Sous ses abords à faire peur aux vieilles dames et à quelques bigots biens pesants, le metalleux a un cœur gros comme ça. Et il est nostalgique en plus ! Quand il n’exalte pas le death metal baveux à la suédoise, quand il n’honore pas le bon vieux heavy metal des familles façon premiers Iron Maiden, il se dit que, finalement, le thrash metal des années 80, époque bénie où il était encore en train de batifoler dans le bac à sable de la maternelle, c’était bien aussi.
Ainsi, il n’est peut-être âgé que de dix ans mais cela n’empêche pas par exemple Angelus Apatrida d’avoir déjà trois galettes à son actif, dont ce Clockwork qui convoque avec bonheur les grandes heures des Megadeth (référence évidente sur "Clockwork" où le chanteur déroule un phrasé à la Dave Mustaine des grands jours), Exodus, Overkill et toute la Bay Area d’une manière générale.
A son écoute, on comprend rapidement pourquoi le puissant Century Media, l’œil toujours rivé sur le tiroir-caisse, a jeté son dévolu sur cette modeste bande qui ne le restera peut-être pas (plus) très longtemps. S’ils n’ont pas poussé l’hommage jusqu’à adopter une pochette façon Ed Repka, l’illustrateur emblématique de toute la vague speed thrash des eighties dont le travail est à lui seul un indice pratique quant au contenu des albums qu’il habille, il n’en demeure pas moins que ces petits gars abattent le petit bois et récitent leur leçon bien apprise avec conviction et une apparente sincérité.
Sans être trop vintage, la prise de son conserve une pellicule assez brute, fuselage qui confère toute l’énergie nécessaire à un métal lourd et implacable.

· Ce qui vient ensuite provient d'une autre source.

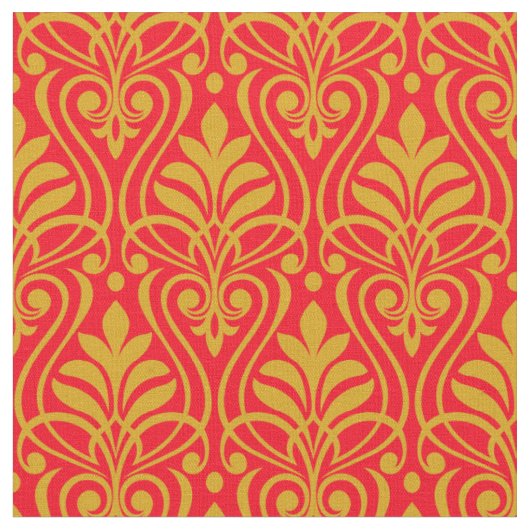 Art Deco Muster 01 - Deko Gold 2 auf Carmine Red Stoff (Nahaufnahme)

Impeccable également. Assez courts, vigoureux, les titres respectent à la règle les invariants du genre : voix nerveuse, rythmique de bûcherons en colère, breaks, soli ravageurs… A l’Ouest, rien de nouveau sans doute mais ce n’est pas ce qu’on attend forcément de ce genre d’albums et de plus, Angelus Apatrida est détenteur d’un petit charme à l’européenne, d’une sensibilité qui, quoi que l’on fasse, n’est pas tout à fait la même que celle d'Outre-Atlantique, qui lui permettent de se démarquer un tant soit peu de toutes les autres hordes de jeunes thrasheurs nostalgiques aux dents longues.
Avec des bombes rapides et tendues comme le foc d’un navire de l’acabit de "My Insanity", "Blast Off", le très Exodus "One Side One War", "Of Men And Tyrants" ou "The Misanthropist", pour n’en citer que quelques-unes unes, Clockwork en a suffisamment sous le capot, dont également une petite reprise survitaminée de Maiden, "Be Quick Or Be Dead", ce qui fait toujours son petit effet, pour que ce disque soit l’assurance de passer un très bon moment.
Les Espagnols accouchent au final de leur effort le plus convaincant à ce jour, lequel, compte tenu d'une plus grande exposition apportée par Century Media, devrait enfin offrir au groupe une reconnaissance plus vaste et méritée.